I quite like triggering on using all buys.  If it had a more unique the function I might be more forgiving of its clumsy in-games-using-this effect.


Illicit Workshop
Types: Night
Cost: $4
If you have no $ and no cards in hand, gain a card costing up to $5. Otherwise, trash a card from your hand.
Illicit Workshop is a super-Workshop or an awful trasher depending on whether or not you are able to empty your hand and spend all your coins.  This is neat because it encourages you to spend all of your coins in a way you might not normally.  Further, it doesn't need to worry about emptying the Supply because you can only use one in a turn.

It is unique as a bad trasher that turns into a good card in a fashion more meaningful than a card like Trade Route.  I am worried that the whims of a money spike or poorly timed Estate will give the card a lot of frustration on second shuffles.


Merchant Quarter
Types: Action
Cost: $5
+3 Cards, +1 Buy. At the start of Clean-up, you may pay $2 for +2 Coffers.
+3 Cards and +1 Buy is a powerful effect evidenced by Margrave's overbearing strength and the comparative reigning in of Tragic Hero and Barge.  Merchant Quarter gives a double Pageant instead, which seems better than Barge (you get the draw and Buy first and decide to lose resources later), but not unreasonably so, as paying $2 is similar to discarding 2 cards.  Funny Wine Merchant combo.

This seems pretty alright.  I'd like something more unique.
By the bye, if you're trying to touch up Sanitarium's wording, consider "at the start of your Buy phase, if you have no unused Actions, you may..."


Pawnbroker
Types: Night
Cost: $5
Trash a card from your hand. If you have any Actions remaining (Actions, not Action cards), gain a card costing up to $3 more. Otherwise, gain a card costing up to $2 more.
Unless I'm misreading this, Pawnbroker is just wildly better Expand.  If you have an +Action, it is Expand (and, because it does not consume your Action for so doing, any other Pawnbrokers in your hand are also Expands), if you don't have an +Action, it is a Night Remodel.  Doing anything other than turning everything into Pawnbrokers and then Provinces is surely a losing move.

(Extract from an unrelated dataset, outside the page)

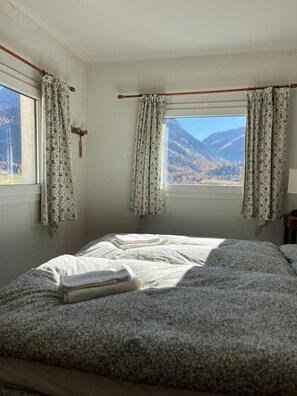 4 habitaciones, tabla de planchar con plancha, wifi y ropa de cama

Non-terminal Remodels are pretty strong, so with a smaller bonus for having an Action, this could be good fun.


Promote
Types: Event
Cost: $3+
You may overpay for this, to trash a card you would discard from play this turn. Then gain a card costing the amount you overpaid more than it.
Promote is Enhance from play.  The ability to both play a card and trash it makes it a fair bit better than Enhance, which explains the cost hike.  You can also throw more coins into it to get more value from it.  Promoting Coppers requires $5 to get to a $2-cost card and $6 for a $3-cost which is a fairly poor comparison to Trade.  Promoting Silvers has to spending $5 to lose a Silver and get the $5-cost you could've bought anyway.

Outside of another nice way to trash Actions that have aged out or tossing $4 to turn a $4-cost into a Duchy in the end-game, Promote doesn't seem to have a lot of use cases to keep it sufficiently differentiated from similar Events.


Shipping Village
Types: Action
Cost: $3
+1 Card, +3 Buys. Ignore any further +Buys you get this turn.
While this is in play, you may spend 1 Buy for +1 Action.
Only your first 2 Buys are of high value, so being able to generate a few and then start trading them for much more valuable +Actions sounds interesting on the face of it, but in practice it seems like one will struggle to use Shipping Village as a lone source of +Action.  Much like Snowy Village, it generates a lot of "+Actions" in itself, but then disables all others, causing other Shipping Villages to be Ruined Libraries.

In thinking about it, it bears more than superficial similarities to Snowy Village, and I find it hard to get excited for that reason.


Sisterhood
Types: Action
Cost: $3
+3 Actions. At the start of your Buy phase, you may convert each of your unused Actions into +1 Buy.
Sisterhood is a variation of the splitter with a Buy, where it gives anywhere from +3 Actions to +3 Buys (or more) on the player's choice.  Shades of Squire, which can also give +Actions or the same number of +Buys.  Donald X. has gone on record before that cards that produce a large number of +Buys are trouble for the typically precipitous drop in value of your fourth Buy in a turn, making such cards either expensive when you don't need the +Buys or silly when you can use them.  This generally avoids that problem by being able to act as a major splitter in opposite parts to the +Buys it otherwise provides.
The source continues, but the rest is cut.